Advertise on Bikeforums.net



User Tag List

Results 1 to 6 of 6

Thread: Got a puncture.

  1. #1
    Senior Member highroller's Avatar
    Join Date
    Dec 2008
    Location
    Tour Down Under
    Posts
    70
    Mentioned
    0 Post(s)
    Tagged
    0 Thread(s)

    Got a puncture.

    I'm using tyres with kevlar bead which is supposed to prevent puncture. I have only started using them 2 weeks ago along with new presta tubes and didnt bring spares thinking the kevlar would stop these sort of small punctures. I was thinking of catching the train, but as I was a few hundred metres away from the train station the train arrived and departed. They were doing maintenance at the next stop and were using buses from their until my destination, but buses dont allow bikes on board. Luck the ticket machine was busted or I would have blown my money. So I had to walk 8-9km home.

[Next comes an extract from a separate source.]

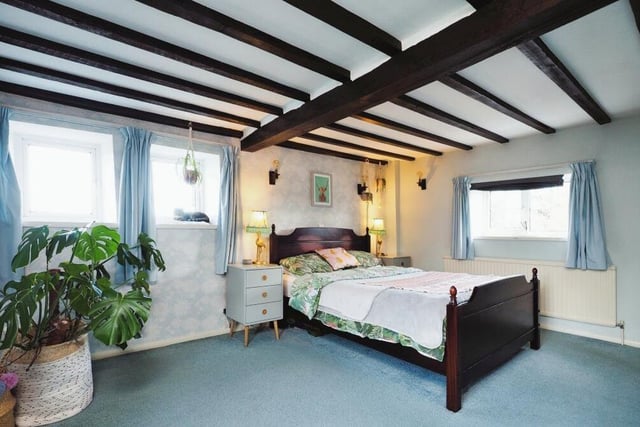 Up to the first floor, where we are greeted by this lovely and spacious master bedroom, complete with ceiling beams, triple-aspect windows and carpeted floor.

    The tube had a small hole but I couldn't find any penetration mark on the tyre tread after thoroughly examining it with a magnified glass for over 30 minutes. So I dont know how the puncture happened.

    Is there any inner tube lining that can be used as an additional barrier between the tyre and the tube?

  2. #2
    mosquito rancher adamrice's Avatar
    Join Date
    Oct 2009
    Location
    Austin TX USA
    My Bikes
    Bob Jackson 853 Arrowhead w/ Chorus (road); Swobo Del Norte (street), Catrike Speed (recumbent trike)
    Posts
    343
    Mentioned
    0 Post(s)
    Tagged
    0 Thread(s)
    A kevlar belt by itself probably does reduce your risk of punctures, but nothing really eliminates it.

    There's a product in the USA called Mr Tuffy; not sure if it's available where you live, though I'd imagine there's something like it. It's a belt that fits between your tire and tube. It is effective against punctures from most road debris, but of course will do nothing for snakebite flats, puncture-weed flats, that sort of thing. It also really changes the feel of your ride--you'll have to decide whether you prioritize ride quality or puncture proofing.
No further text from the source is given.